= Ed Ochester =

American poet and editor (1939–2023)

Edwin Frank Ochester (September 15, 1939 – August 22, 2023) was an American poet and editor. He was born in Brooklyn, New York, and educated at Cornell, Harvard, and the University of Wisconsin–Madison.

For nearly twenty years, Ochester served as director of the writing program at the University of Pittsburgh, and he was twice elected president of the Association of Writers & Writing Programs. From 1967 to 1970, he was assistant professor of English at the University of Florida, Gainesville.

From 1979, he served as general editor of the Pitt Poetry Series, one of the largest lists of contemporary American poetry, published by the University of Pittsburgh Press. Ochester was also general editor of the Drue Heinz Literature Prize for short fiction.

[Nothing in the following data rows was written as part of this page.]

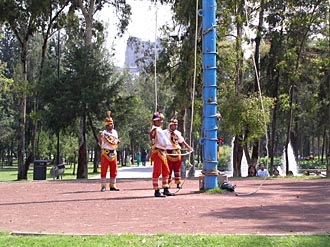 los voladores dans le parc de Chapultepec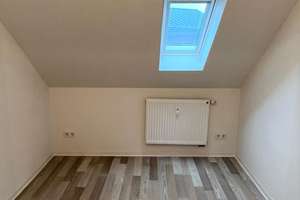 * charmante DACHGESCHOSS 2 ZKG Wohnung mit gemütlichen Holzbalken * Abstellkammer * Ohne Aufzug – Die vollständige Adresse der Immobilie erhältst du vom Anbieter., 66115 Burbach, Saarbrücken – Vorschaubild 6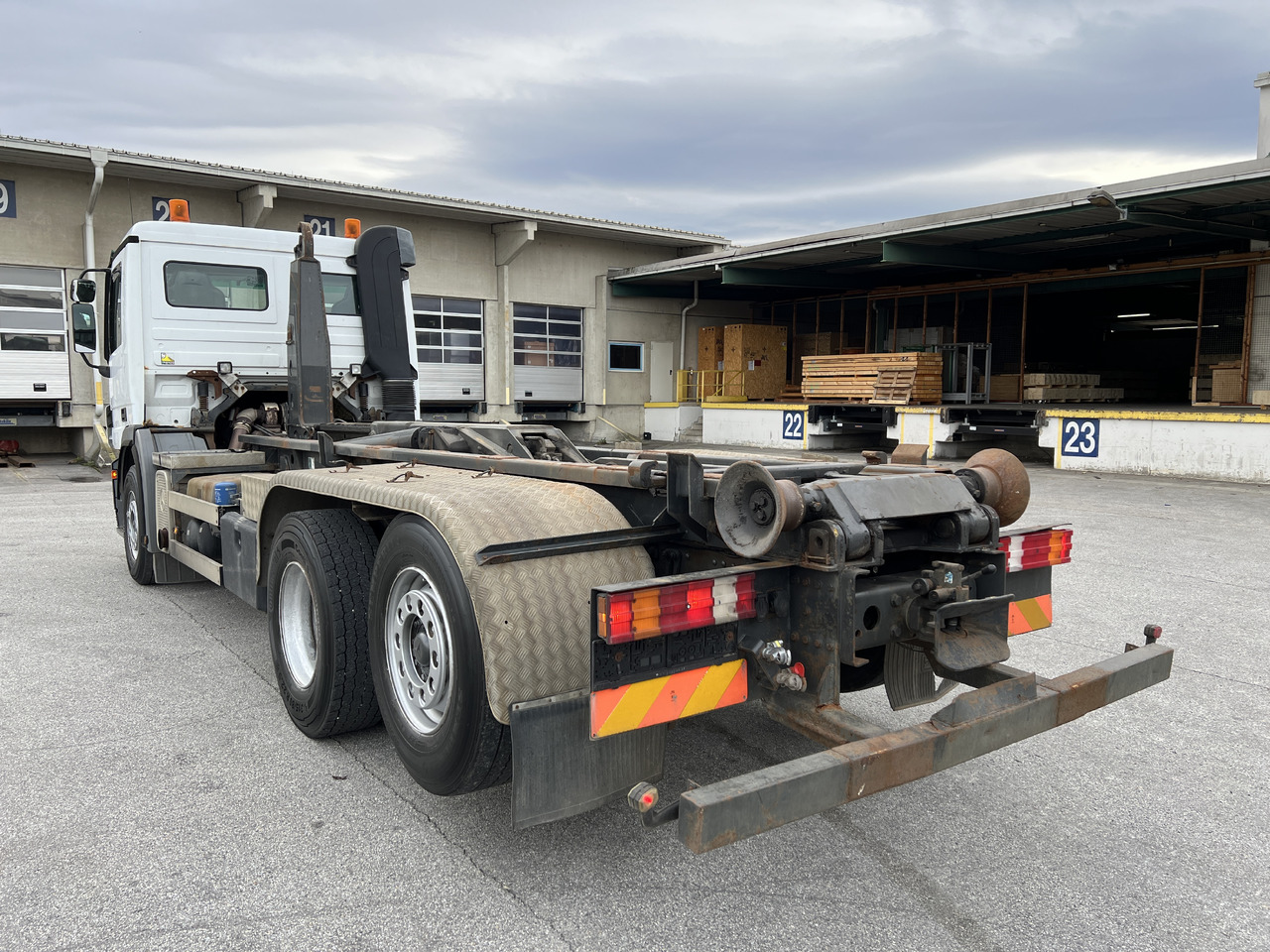 MERCEDES-BENZ Actros 25 41 | Retarder | Kupplung | Differenzial | Liftachse - Camion ampliroll: photos 3 MERCEDES-BENZ Actros 25 41 | Retarder | Kupplung | Differenzial | Liftachse - Camion ampliroll: photos 3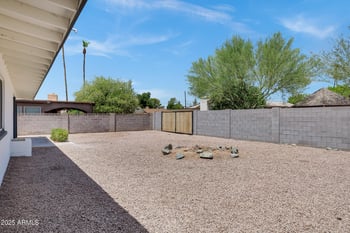 2016 Elmwood St, Mesa, AZ 85213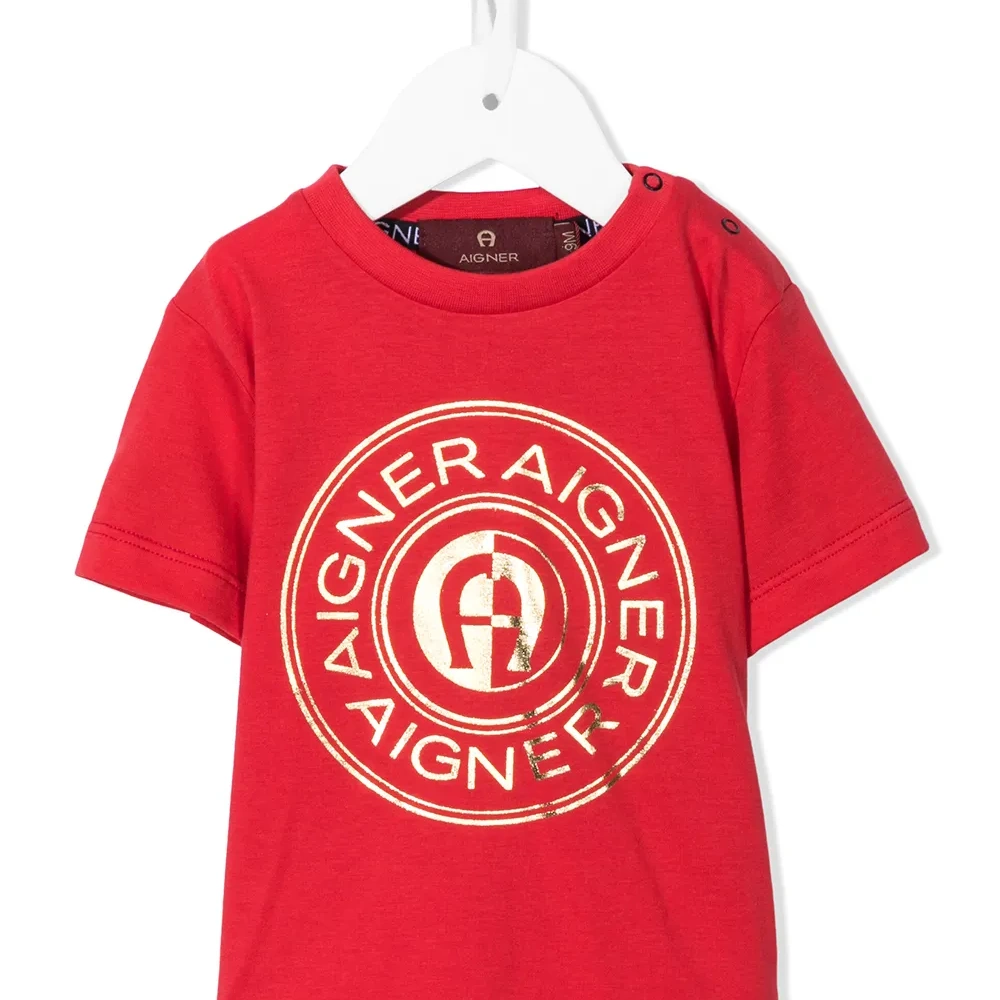 футболка с логотипом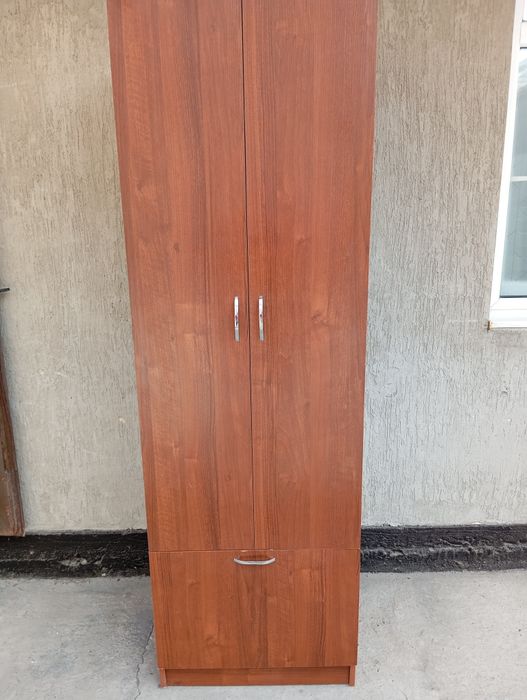 Продам шкаф плательный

Poets published by Ochester in the Pitt Series include Sharon Olds, Billy Collins, Ted Kooser, Lawrence Joseph, Richard Shelton, Larry Levis, Denise Duhamel, Lynn Emanuel, Bob Hicok, Jim Daniels, Gary Soto, Stuart Dybek, Kathleen Norris, Alicia Ostriker, Toi Derricotte, Dean Young, and David Wojahn.

His book Dancing on the Edges of Knives won the 1973 Devins Award for Poetry, and he has won fellowships in poetry from the National Endowment for the Arts and the Pennsylvania Council on the Arts.

He died in August 2023, at the age of 83.

==Works==
- We Like It Here, poetry (Madison: Quixote Press, 1967)
- The Great Bourgeois Bus Company, poetry (Madison: Quixote Press, 1969)
- The Third Express, poetry (Madison: Quixote Press, 1973)
- Natives: An Anthology of Contemporary American Poetry, (editor), poetry anthology (Madison: Quixote Press, 1973)
- Dancing on the Edges of Knives, poetry (Columbia: University of Missouri Press, 1973)
- The End of the Ice Age, poetry (Pittsburgh: Slow Loris Press, 1977)
- A Drift of Swine, poetry (Birmingham: Thunder City Press, 1979)
- Miracle Mile, poetry (Pittsburgh: Carnegie Mellon University Press, 1984)
- Weehawken Ferry, poetry (Bangor: Juniper Press, 1985)
- Changing the Name to Ochester, poetry (Pittsburgh: Carnegie Mellon University Press, 1988)
- The Pittsburgh Book of Contemporary American Poetry, (co-editor with Peter Oresick), poetry anthology, (Pittsburgh: University of Pittsburgh Press, 1993)
- Allegheny, poetry (Easthampton: Adastra Press, 1995)
- Cooking in Key West, poetry (Easthampton: Adastra Press, 2000)
- Snow White Horses: Selected Poems 1973–1988, poetry (Pittsburgh: Autumn House Press, 2000)
- The Land of Cockaigne, poetry (Ashland: Story Line Press, 2001)
- American Poetry Now: Pitt Poetry Series Anthology, poetry anthology, (Pittsburgh: University of Pittsburgh Press, 2007)
- The Republic of Lies, poetry (Easthampton: Adastra Press, 2007)
- Unreconstructed: Poems Selected and New, poetry (Pittsburgh: Autumn House Press, 2007)
- Sugar Run Road, poetry (Pittsburgh: Autumn House Press, 2015)

==Sources==

- Contemporary Authors Online. The Gale Group, 2002. PEN (Permanent Entry Number): 0000074046.